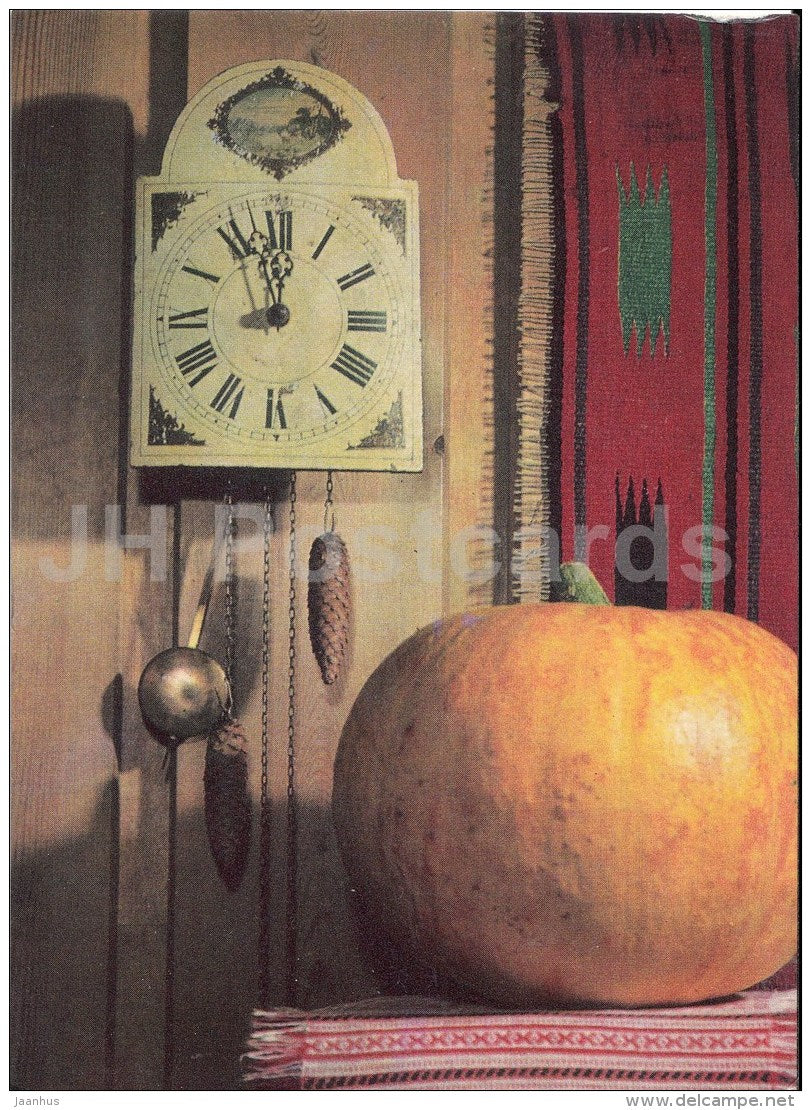 New Year Greeting card - pumpkin - clock - 1970 - Estonia USSR - unused - JH Postcards
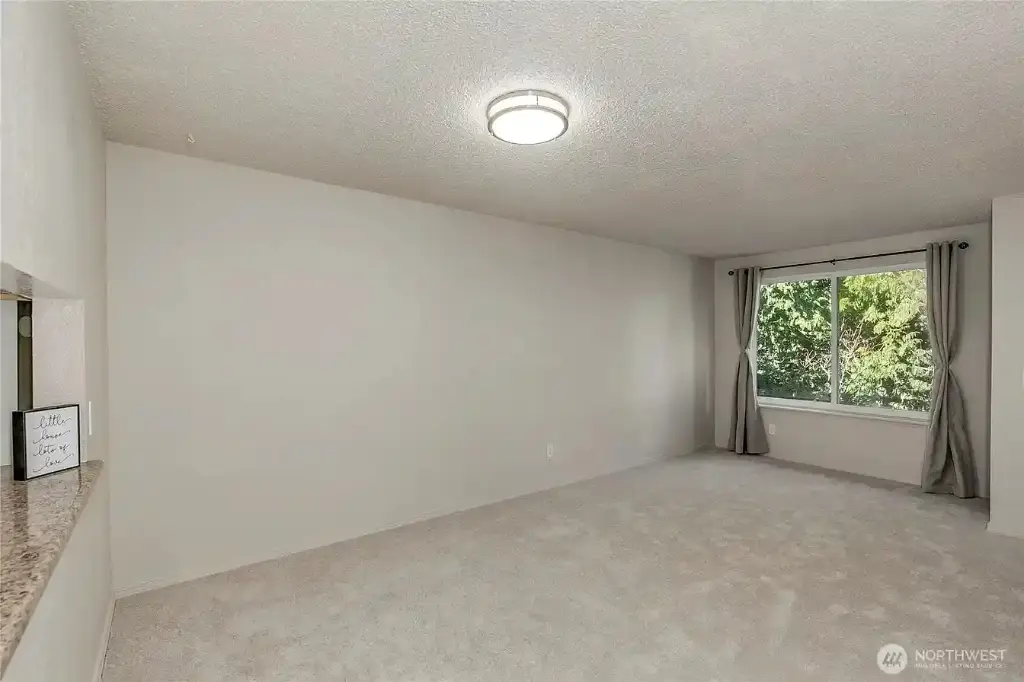 8911 Holly Drive UNIT 207, Everett, WA 98208 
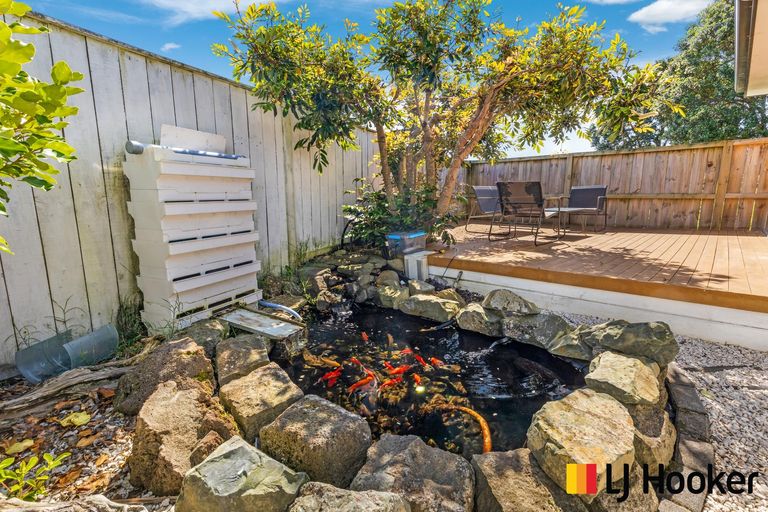 Photo of property in 4 Croftview Road, Wattle Downs, Auckland, 2103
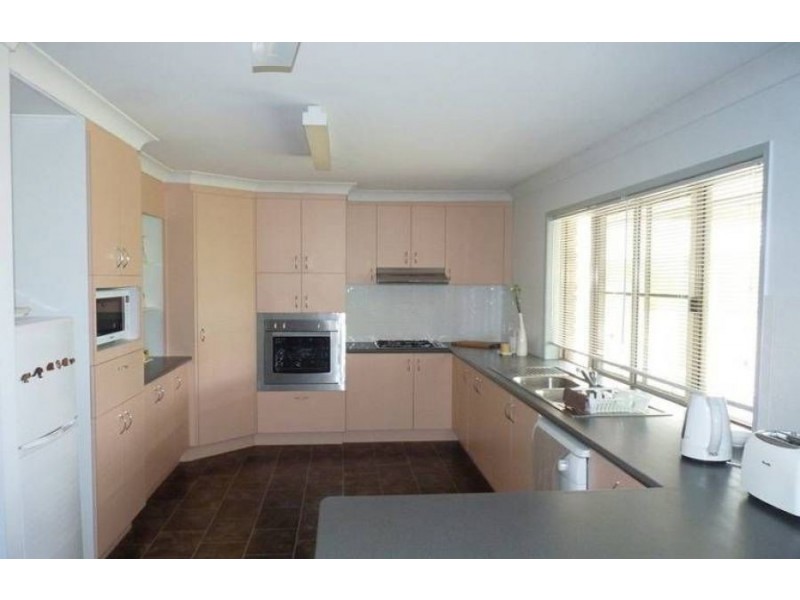 92 Madeline Drive, Morayfield QLD 4506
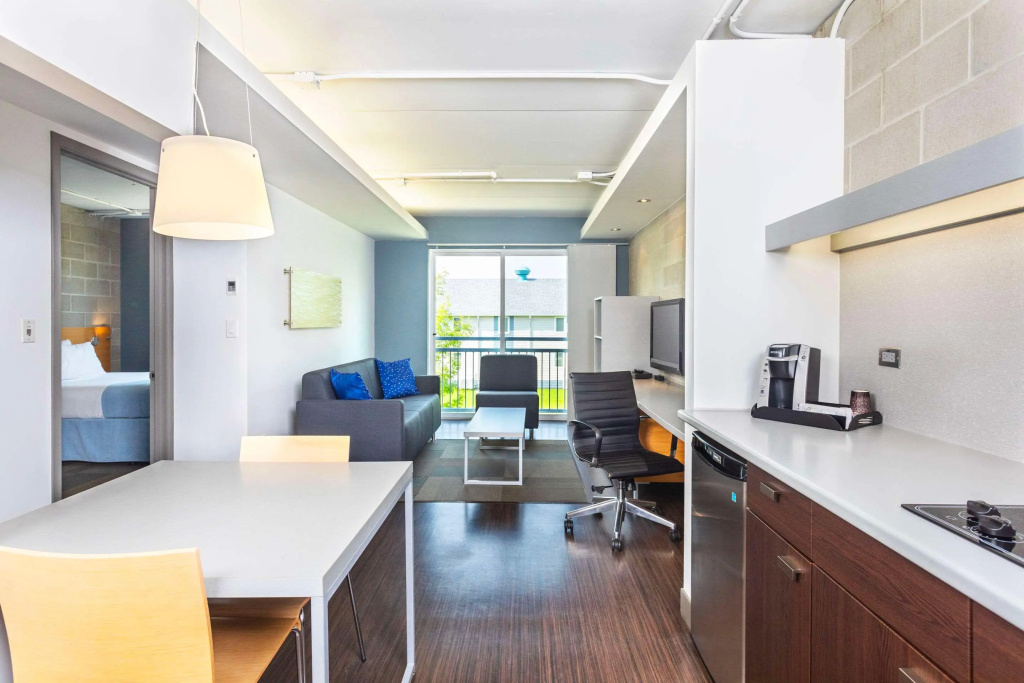 Barker Suites Southport — 5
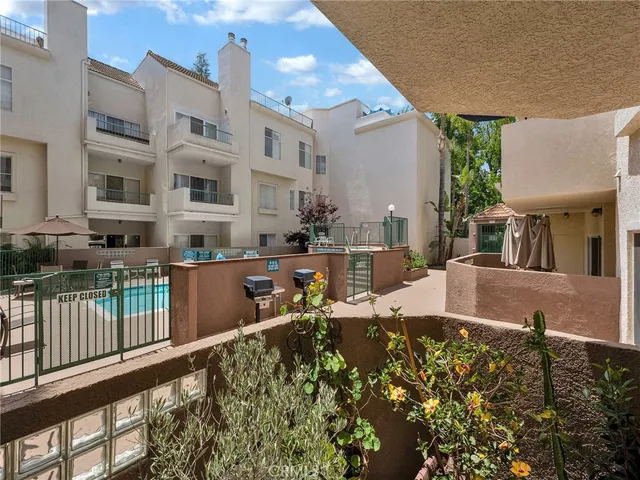 $650,000 | 5420 Sylmar Avenue, Unit 113, Sherman Oaks, CA 91401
- - - - -
Task directions – Your output should be the full set of entries above, restated word for word and free of pictures.

Answer to this problem –
 New Year Greeting card - pumpkin - clock - 1970 - Estonia USSR - unused - JH Postcards
 8911 Holly Drive UNIT 207, Everett, WA 98208 
 Photo of property in 4 Croftview Road, Wattle Downs, Auckland, 2103
 92 Madeline Drive, Morayfield QLD 4506
 Barker Suites Southport — 5
 $650,000 | 5420 Sylmar Avenue, Unit 113, Sherman Oaks, CA 91401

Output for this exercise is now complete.